A. Using An Opportunity

  1. Luke says the people ran to see what was happening. v. 11. They were full of curiosity. But at the moment it was only curiosity and astonishment..
  2. It was also curiosity that was focused on Peter and John rather than on the true Cause of these events. v. 12.

B. Telling the truth

  1. Peter was speaking to Jews who had been steeped in Scripture. They knew what it said, yet they had either rejected or ignored it.
  2. So when Jesus walked into their lives they did not recognize him. Like when Bev and I bumped into Toni from our dentist's office. Twice! I knew I had seen her before, but I didn't know where. I didn't know her.
  3. Their inability/unwillingness to see the truth made them vulnerable to an awful sin--rejecting the Son of God. v. 13. And delivering him to be crucified.
  4. Peter attributed their rejection of Jesus to ignorance but he did not remove their culpability for it.

C. Reinterpretation of events

  1. Peter is speaking to the unconverted Jews in Jerusalem.
  2. At this moment they can only assume that the event of the crucifixion was a one dimensional moment.
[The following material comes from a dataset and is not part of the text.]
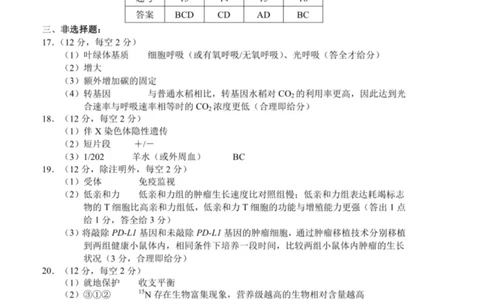 永州市2026年高考第二次模拟考试生物答案_2024-2026高三（6-6月题库）_2026年02月高三试卷_260202湖南省永州市2026年高考第二次模拟考试（全科）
That it occurred and concluded.
  3. In his speech Peter connects the dots for them. The guy you thought was dead is responsible for this healing today.
  4. If that is true, it casts their lives in new and brighter light. "We are at cross purposes with a God who can raise the dead and heal."

II. Implications

A. Bystanders

  1. These people might have been casually walking through the Temple environs. Perhaps on their way to offer a sacrifice or give a gift or perhaps just as a short cut through the Temple.
  2. But what they experienced there challenged their world view. A man they knew as lame from birth was now "walking, leaping, and praising God." v. 8.
  3. So now they had to reevaluate what they formerly believed. Maybe the man we crucified really was who he claimed to be.

B. Whose side are you on?

  1. The biggest reassessment that the Jewish listeners had to make was in where they would place their future loyalties and commitments.
  2. What became apparent to them in this moment was that God had been working in one direction in history, and they had been working in another. Contrary loyalties.
  3. God fulfilled what he had fortold through all the prophets, that his Messiah would suffer. v. 18.

III. Repent.

A. What do you do?

  1. The first listeners, on Pentecost, asked the obvious question, "What shall we do?" v. 37.
  2. How do you undo such terrible and grievious wrong as the crucifixion of the Messiah?
  3. Paul reflected this question in Romans 7:24 when he asked, Who will rescue me from the body of death?

B. Bound to a dead body.

  1. The Romans had a particularly awful way to condemn some people. They bound them face to face with a dead body.
  2. As the body decayed, the live person absorbed the stench and effluvia, until he finally died.
  3. That is the effect of unrestrained sin and failure in our lives.

C. Turn to God

  1. Interestingly, Peter does not give them a long complicated list of things to do. There is no Karma to satisfy, no law to measure up to.
  2. He tells them to change their minds (repent) and turn to God. Simple. Logical.
  3. The refreshing and saving comes from God, not from us.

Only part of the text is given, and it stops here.